Based on a ship’s CII, its carbon intensity will be rated A, B, C, D or E where A is the best. A ship rated D for three consecutive years, or E for one year, will have to submit a corrective action plan to show how the required index of C or above will be achieved.
Meanwhile, market sources pointed out in a survey conducted by Platts, part of S&P Global Commodity Insights, in November that the new CII regulation could give rise to a multi-tiered market.
A time might come when charterers would like to have the best CII ships, which may also cause of A, B, or C rated ships, the source said.
Challenges with CII
Various factors, most of which are outside a ship’s control, can drastically impact its CII rating including adverse weather, voyage distance, port waiting times, port infrastructure, and charterers orders, INTERCARGO said in a December 2022 statement.
Paradoxically, when considering voyage distances and port waiting times, ships with longer travel distances can produce more emissions but have a better CII rating when compared with vessels travelling shorter distances and producing lesser emissions, it added.
If a ship chose a port where it was forced to stay longer due to congestion, the rating will likely worsen because of the formula for CII calculation, an industry source told S&P Global Commodity Insights Jan. 6.
The IMO calls upon administrations, port authorities and other stakeholders to provide incentives to ships rated as A or B. However, what these incentives will be is not clearly defined, another industry source said.
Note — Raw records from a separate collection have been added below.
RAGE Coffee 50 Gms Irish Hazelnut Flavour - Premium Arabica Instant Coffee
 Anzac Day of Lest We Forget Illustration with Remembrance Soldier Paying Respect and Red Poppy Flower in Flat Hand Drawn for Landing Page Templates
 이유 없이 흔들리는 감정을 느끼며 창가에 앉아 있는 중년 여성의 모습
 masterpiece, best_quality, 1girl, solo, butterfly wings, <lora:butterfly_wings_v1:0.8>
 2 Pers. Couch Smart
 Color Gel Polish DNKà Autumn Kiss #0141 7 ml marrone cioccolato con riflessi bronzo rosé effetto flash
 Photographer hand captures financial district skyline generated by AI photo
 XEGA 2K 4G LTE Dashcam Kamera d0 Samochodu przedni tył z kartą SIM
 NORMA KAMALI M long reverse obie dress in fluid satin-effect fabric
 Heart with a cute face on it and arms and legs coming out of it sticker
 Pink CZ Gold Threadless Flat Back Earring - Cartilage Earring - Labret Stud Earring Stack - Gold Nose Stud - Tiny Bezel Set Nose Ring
There was also a seeming lack of robust implementation, at least initially, DNV Principal Market Analyst Jakub Walenkiewicz said in a recent podcast.
The first couple of years you get an E, ship managers will be obliged to prepare a corrective action plan as part of an updated SEEMP III, have it approved and then implement it.
“And if you nevertheless get the second E, the legal consequences of that is essentially a rinse and repeat exercise. There are no further legal consequences,” Walenkiewicz said.
In an Oldendorff presentation in December, CII was called a “toothless tiger.”
Ships get penalized for loading cargo — higher consumption and risk for port delays. The best CII rating is obtained by slow steaming around in ballast condition all year, it said.
One of the most efficient ways to reduce emissions is to optimize tramp vessel voyages with available cargoes. With the CII regulation, there is no benefit for carrying positional cargoes, it said.
The formula also does not encourage upsizing which is one of the best tools for reducing emissions per metric ton carried, it added.
Excessive burden on charterers
In November 2022, BIMCO, a shipowners’ organization whose members control over 60% of the global fleet, published a new clause, under which charter parties will in advance agree to a specific CII rating to be achieved each year.
BIMCO recommends that parties agree that the Agreed CII values should be the Required CII or better, consistent with the MARPOL Carbon Intensity Regulations.
However, major charterers have lashed out at this clause calling it “imbalanced and unusable”, as it places the obligation to comply with CII disproportionately on charterers.
“Even on period ships that we have on long term from head owners, neither of us are still sure on what clauses to include, agree or disagree with regards to CII as yet,” a dry bulk ship-operator source said.
A second dry bulk ship-operator source said some discussions on period basis were eventually dropped as owners and charterers were unable to agree on clauses around the CII.
“I would not want the owner to tell me, at some point during the period what speed I can run the ship or what business I can or cannot do on her,” the second ship-operator source said.
While charterers will not shy away from their role in commercially operating the vessel and complying with the CII regulations, owners remain equally responsible for maintaining the vessel’s operating efficiency, technical operations, navigation, insurance, crew, and all other related matters, a group of 23 signatories said in an open letter to BIMCO Dec. 20.